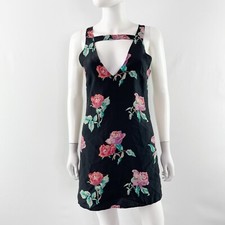 Stone Cold Fox Black Floral LOTUS Mini Dress Size 1 US S Peony Print 100 Silk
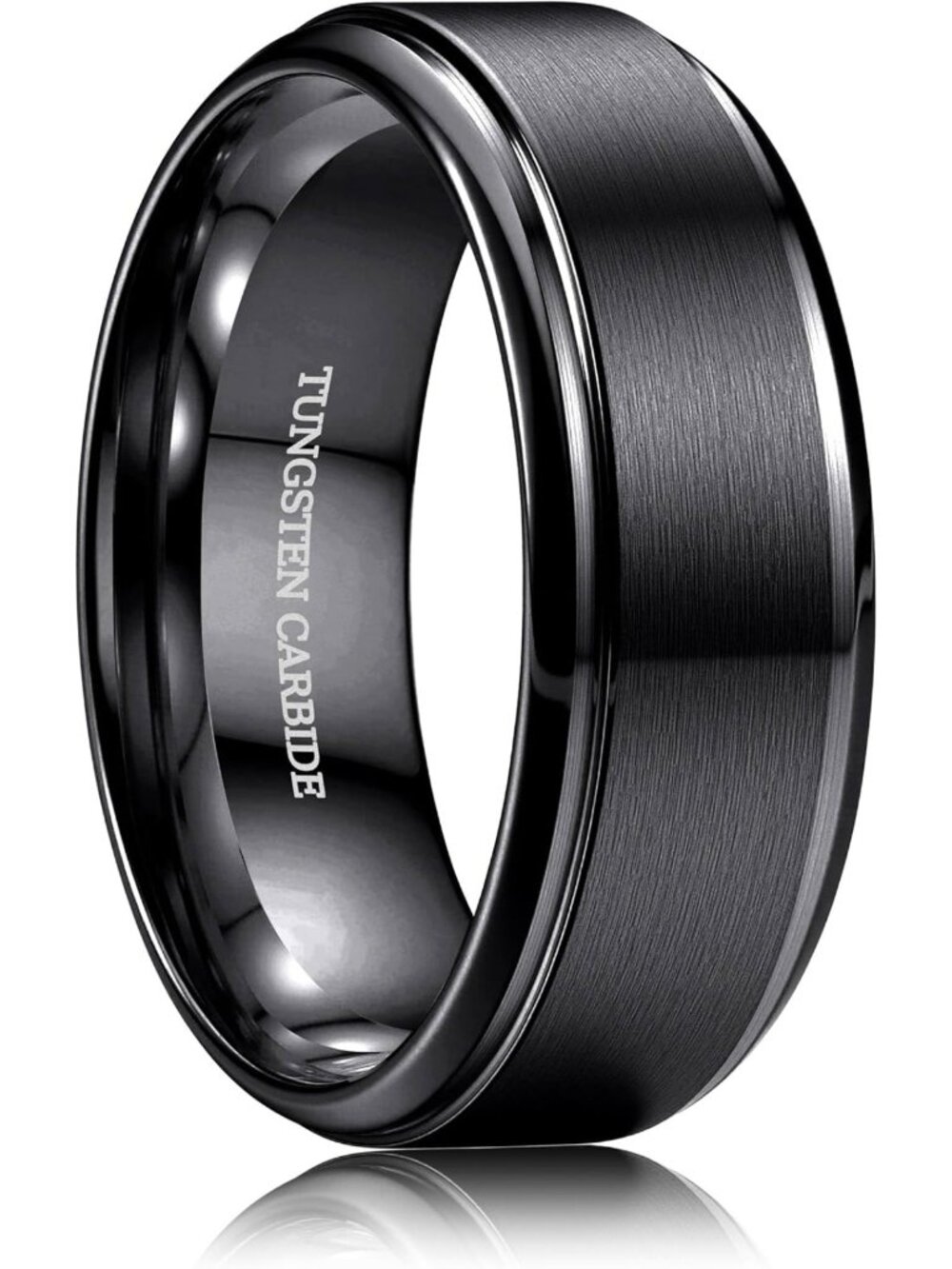 8MM Tungsten Wedding Band Ring - Black, Silver, Gold - Sizes 6-14, Durable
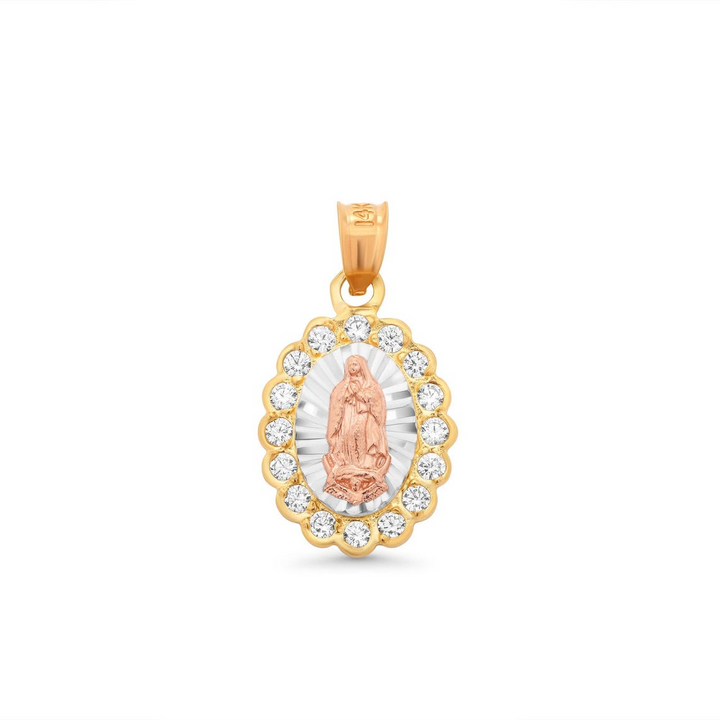 14K Gold Virgin Mary Medallion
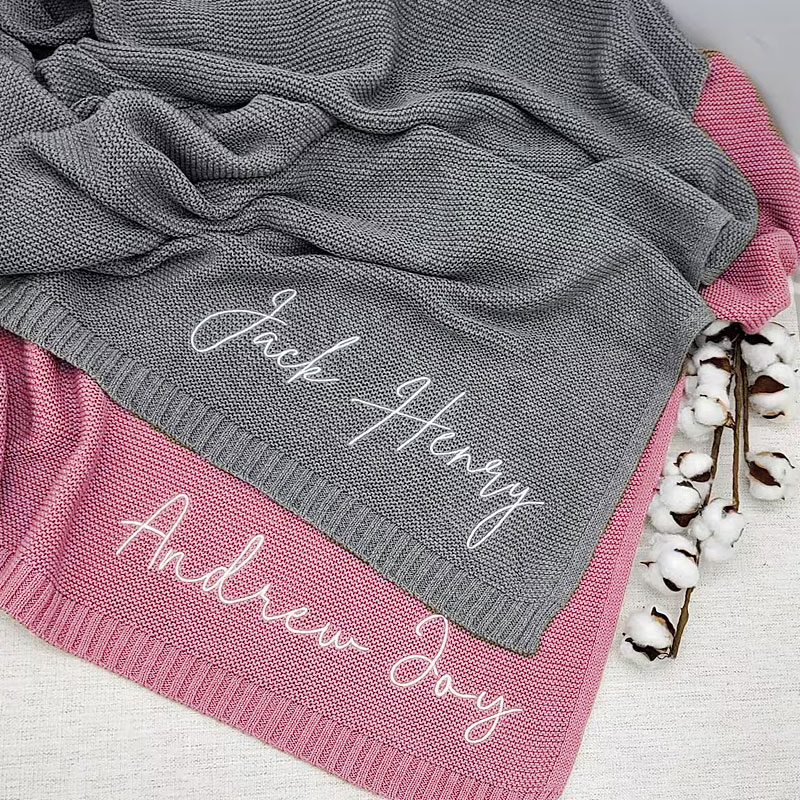 Personalized Embroidered Name Blanket for Baby Girl or Boy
----
Images stay out, but the rest of the data above must be repeated exactly.

• **ANSWER TO THE EXERCISE**:
 Stone Cold Fox Black Floral LOTUS Mini Dress Size 1 US S Peony Print 100 Silk
 8MM Tungsten Wedding Band Ring - Black, Silver, Gold - Sizes 6-14, Durable
 14K Gold Virgin Mary Medallion
 Personalized Embroidered Name Blanket for Baby Girl or Boy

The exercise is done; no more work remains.